WORK INSTRUCTIONS ->
Every line below must be reproduced exactly; no pictures are to be included.

DATA ->
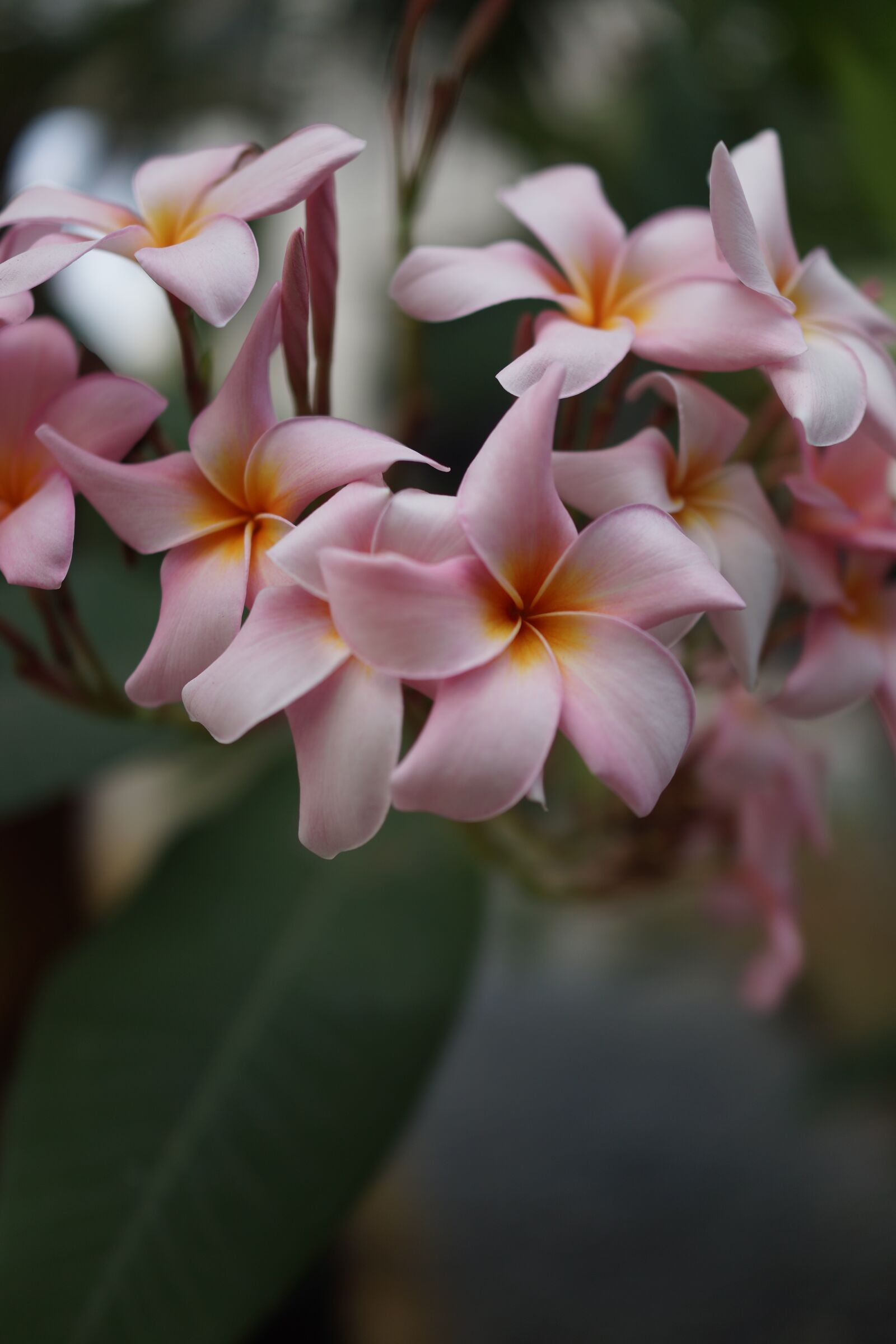 Sony Cyber-shot DSC-RX1R sample photo. Frangipani, blossom, blooming photography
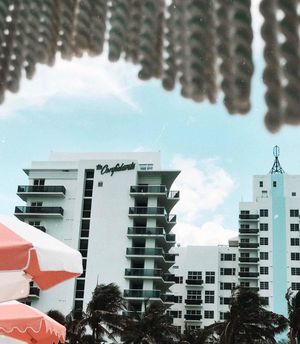Image post by @theconfidante on Instagram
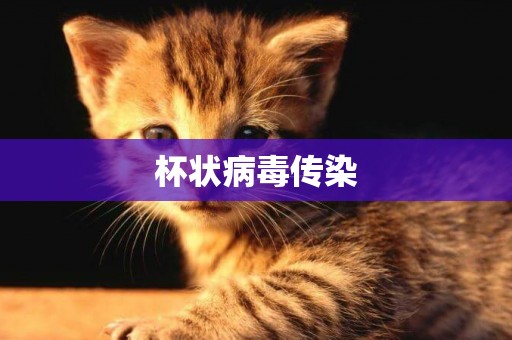 杯狀病毒傳染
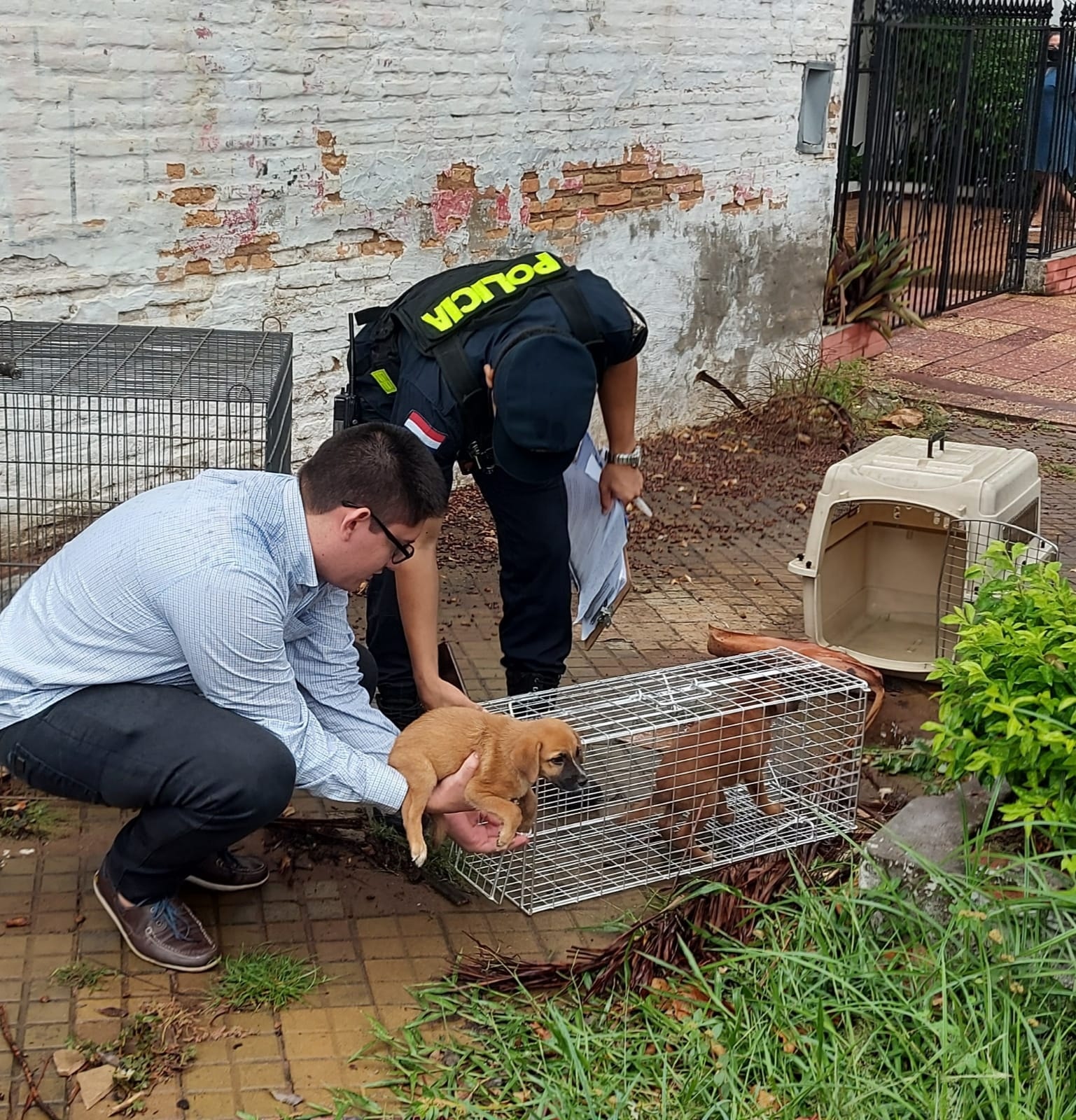 Uno de los animales rescatado. (Foto Ministerio Público)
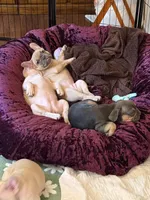 Napoleon , a male French Bulldog for sale in Little Rock, AR – 5 of 9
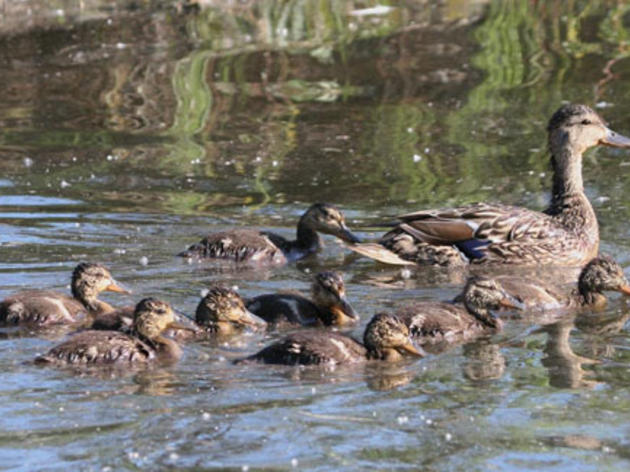 Steep breeding waterfowl declines highlight major impact of drought on birds and habitat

OUTPUT OF THE EXERCISE ->
 Sony Cyber-shot DSC-RX1R sample photo. Frangipani, blossom, blooming photography
Image post by @theconfidante on Instagram
 杯狀病毒傳染
 Uno de los animales rescatado. (Foto Ministerio Público)
 Napoleon , a male French Bulldog for sale in Little Rock, AR – 5 of 9
 Steep breeding waterfowl declines highlight major impact of drought on birds and habitat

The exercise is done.